高倉健や藤純子が日本刀を使わず銃で敵を殺すなどいつもの任侠映画が好きな人には邪道なシーンが幾つか出てくるが、ヤクザ映画好きでありながら任侠映画が苦手な私にとってはむしろこういう変わったパターンの方が好みだったりする。ラストなんて西部劇のような銃撃戦になるが、高倉健と山本麟一という最高のコンビネーションが一方は遠距離で狙撃、一方は馬で暴れて敵を隅に追い込むという活躍するのでテンションが上がる。降旗監督の、活劇にポイントを置きつつもちゃんとドラマパートにも配慮している演出も悪くない。

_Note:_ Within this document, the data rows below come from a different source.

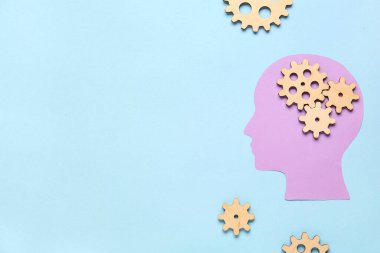 Mavi arka planda ahşap dişliler olan kağıt insan kafası. Mantık kavramı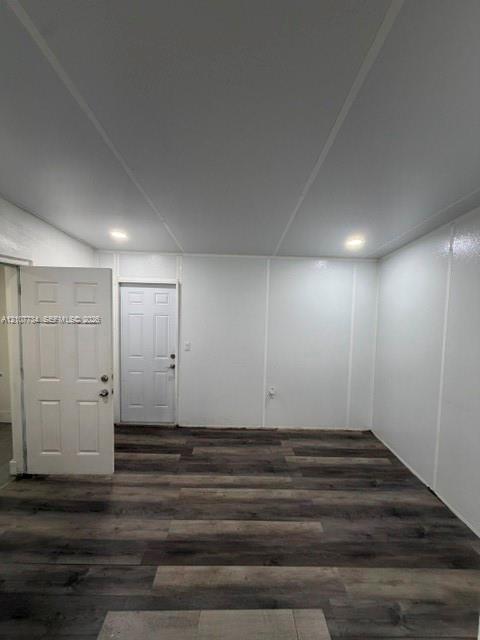 Interior room featuring wood-finish flooring, recessed lighting, and white paneled walls, with two six-panel entry doors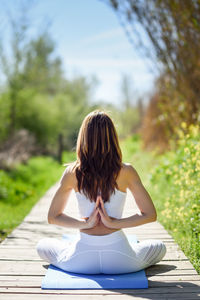 Full length of woman doing yoga on boardwalk against plants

いつもの男気に満ちたキャラクターではない、過去に土地を奪われ家族を死に追いやった一族に復讐するため道内に帰って来たダークな高倉健も魅力的。そしてその一族の娘であることを知り、葛藤しつつも愛する高倉の助けを拒み悪漢から自分の手で牧場を守ろうとするお嬢様キャラの藤も最高。その他にも藤をサポートする山本麟一、石山健二郎、清水元、小松方正(出てきたと思ったら藤が作った料理を何の断りもなく食べるシーンに爆笑)や、いつものふざけた感じではない終始真面目な山城新伍、冒頭悪人たちに対して啖呵を切る最高に格好いい藤の父親役の小沢栄太郎(そのあとすぐに死んじゃうけど)など、いつものヤクザ映画とは違ったキャスティングも面白い。もちろん悪役の名和宏&天津敏の安定した悪役ぶりも見事。

ただヒロインの本来の目的である『父の意思を受け継ぐ』を無視したラストが納得いかないんだよなあ、それを面白がる人もいるんだろうけど。あとラスト、行き先を聞かれたヒロインの髪が強風でなびいたあと「風に任せるわ」という台詞を言うシーンは大林宣彦や相米慎二みたいな演出で妙に印象に残る。